According to some exemplary embodiments of the present disclosure, an inner upper surface of the head 132 may be formed in a conical shape.
Specifically, the head 132 may include a first inclined surface extending from a first inner surface to one side of the first flow channel 1321. The first inclined surface may be an inclined surface provided with the second flow channel 1322. The head 132 may include a second inclined surface extending from a second inner surface facing the first inner surface to one side of the first flow channel 1321. The second inclined surface may be an inclined surface provided with the third flow channel 1323. As the inner upper surface of the head 132 is formed in a conical shape, air bubbles present inside the extraction unit 130 can be completely discharged to the outside.
As an example, because air bubbles have a lower density than water, which is a fluid in the present disclosure, the air bubbles can rise to the surface of the water. However, assuming that the inner upper surface of the head 132 has a flat shape, not the conical shape, the water present inside the extraction unit 130 may be first discharged to the outside through the first flow channel 1321 before the air bubbles are discharged to the outside through the first flow channel 1321. If the water is first discharged to the outside through the first flow channel 1321, the air bubbles may not be discharged to the outside and may remain inside the water. When the pressure unit 140 applies pressure to the puck (P) so as to extract coffee, the air bubbles along with the water may reach the puck (P) because the air bubbles are present inside the water. If the inside of the extraction unit 130 is fully filled with only water, even when the pressure unit 140 applies pressure to the puck (P), the phenomenon that the puck (P) is cracked may not occur because the fluid in the extraction unit 130 is in a stable state. On the other hand, if the air bubbles are present, the puck (P) may be cracked due to the air bubbles or the fluid causing irregular movement due to the air bubbles. In order to prevent this, the inner upper surface of the head 132 in the present disclosure may be formed in a conical shape.

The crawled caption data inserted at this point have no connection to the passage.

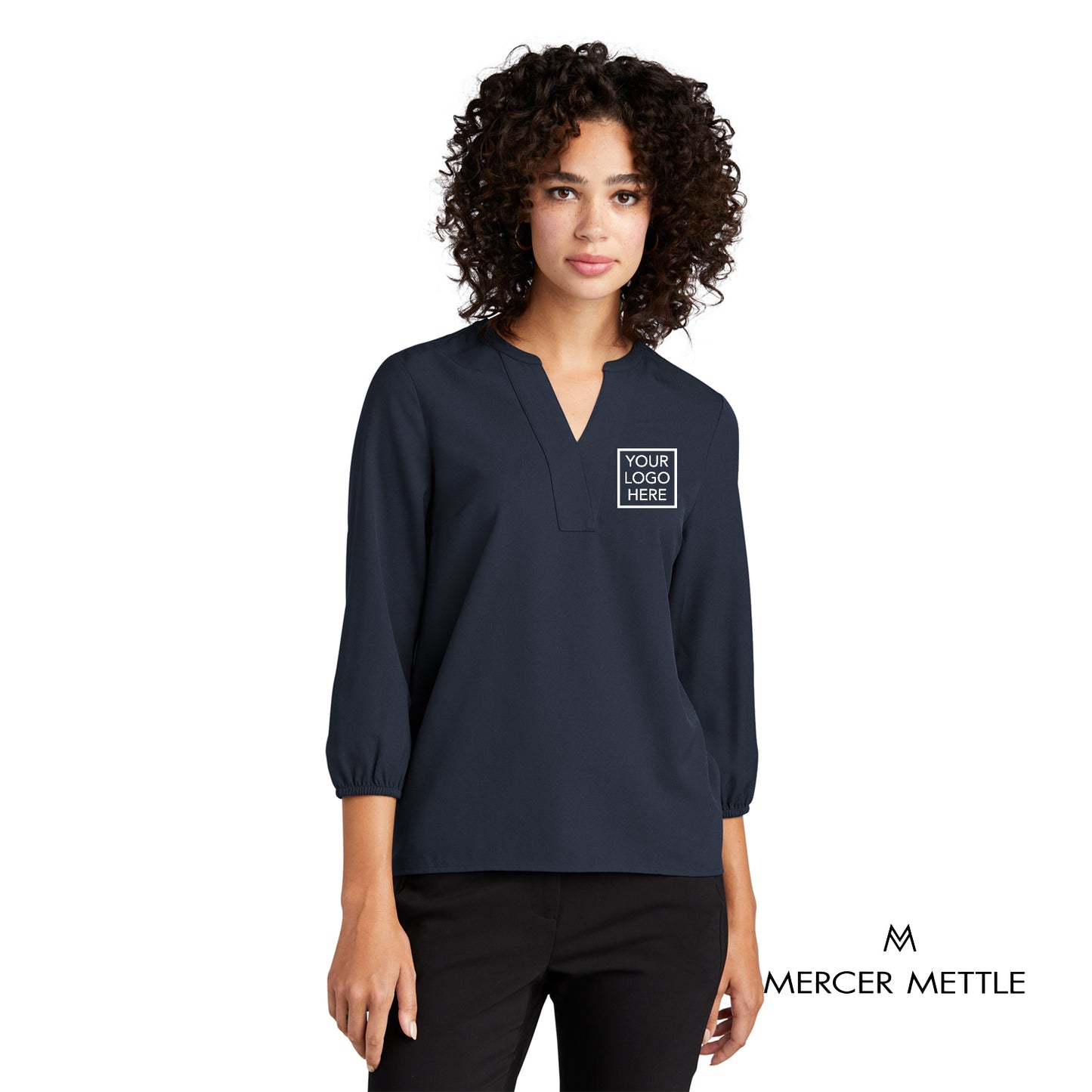 Mercer+Mettle® Women's Stretch Crepe 3/4-Sleeve Blouse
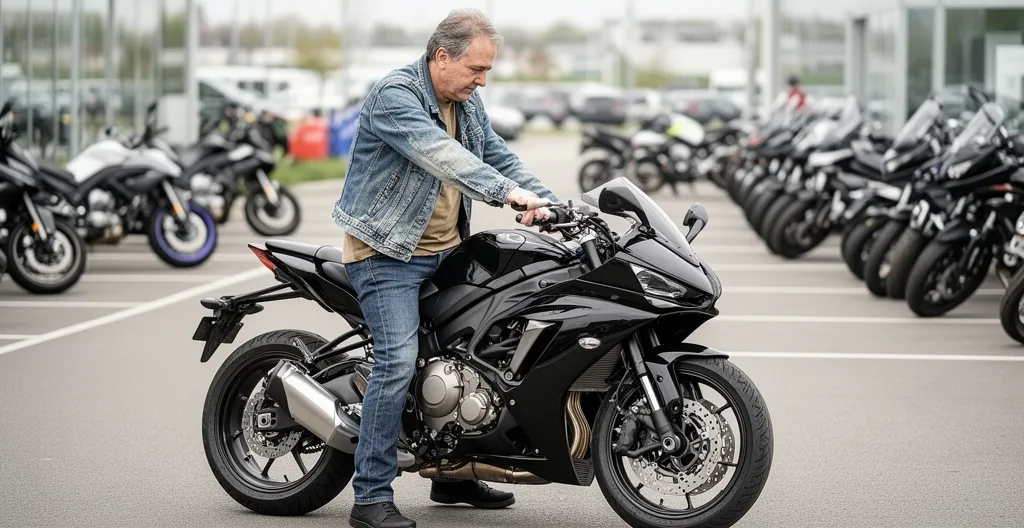 Personne assise sur une moto en position d'évaluation sur un parking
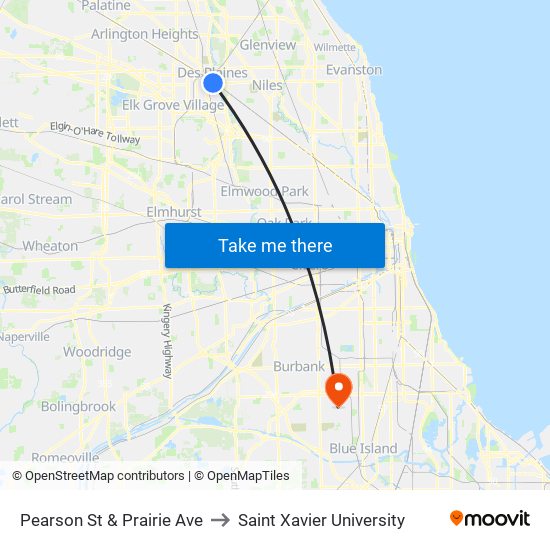 Pearson St & Prairie Ave to Saint Xavier University map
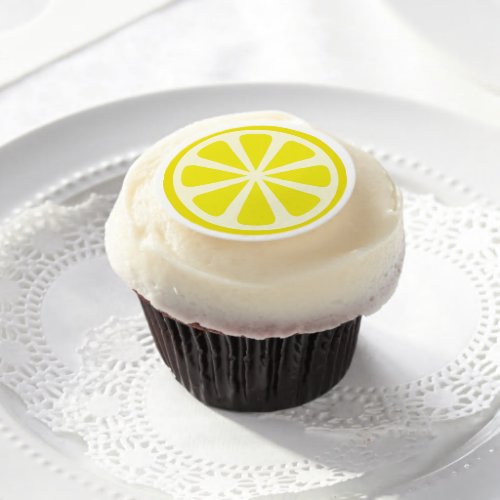 Lemon Slice Citrus 1st Birthday Cupcake Decor Edible Frosting Rounds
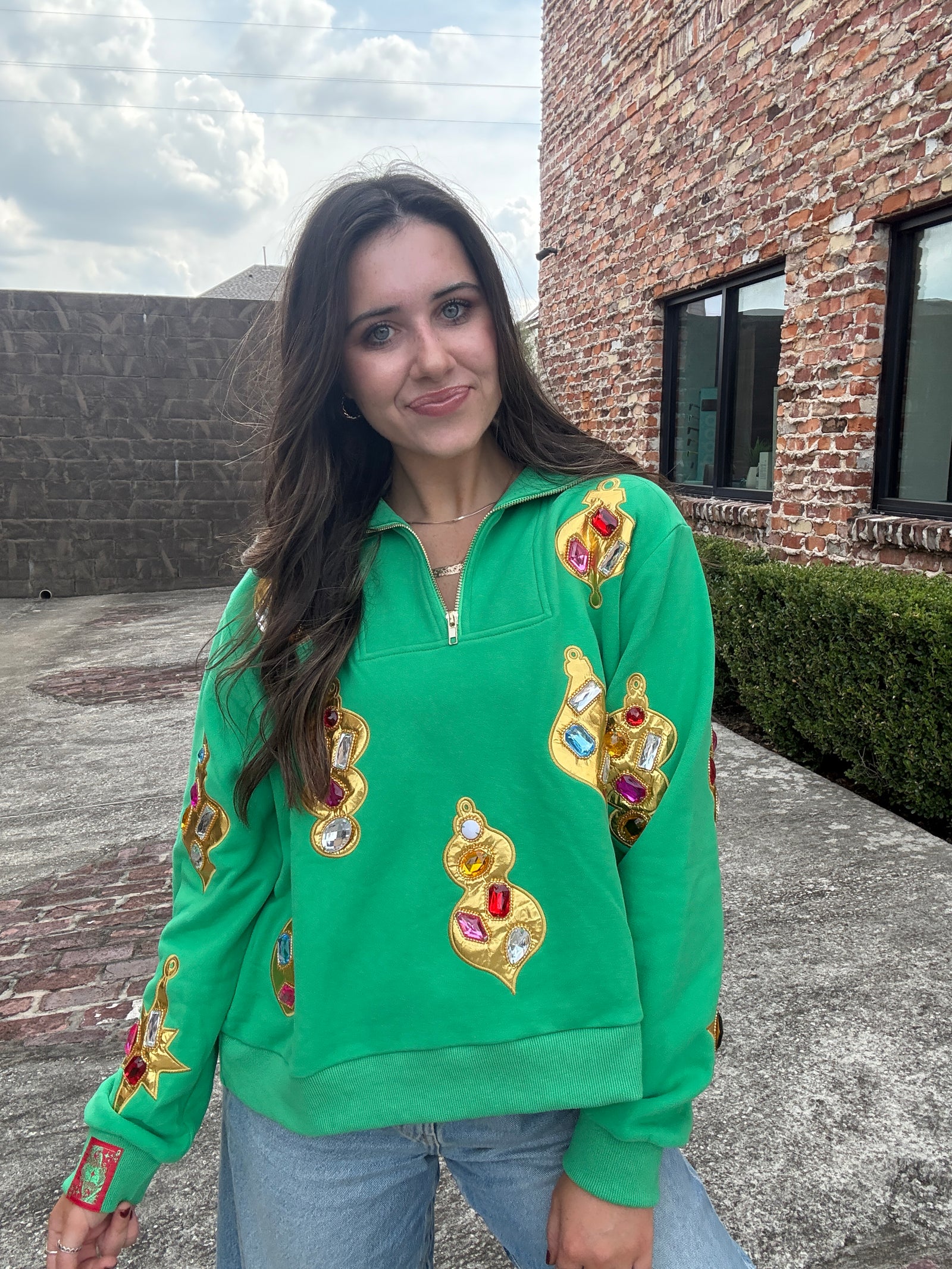 Queen of Sparkles Green & Gold Jeweled Ornament Collar Sweatshirt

The pressure unit 140 may apply pressure to the extraction unit 130. The pressure unit 140 may be a linear actuator that physically operates under control of the control unit 110.
The pressure unit 140 may include a cylinder 141, a piston 142, and a stepper motor 143.
The cylinder 141 may be filled with a fluid through a flow channel connected to a water supply. The cylinder 141 may be filled with a fluid through a flow channel connected to a water tank (not shown).
Specifically, when the cylinder 141 is directly supplied with a fluid through a flow channel connected to a water supply, a large number of air bubbles may be generated inside the cylinder 141. In order to prevent this, the fluid introduced into the coffee extraction apparatus 100 may be first stored in the water tank before filling the inside of the cylinder 141.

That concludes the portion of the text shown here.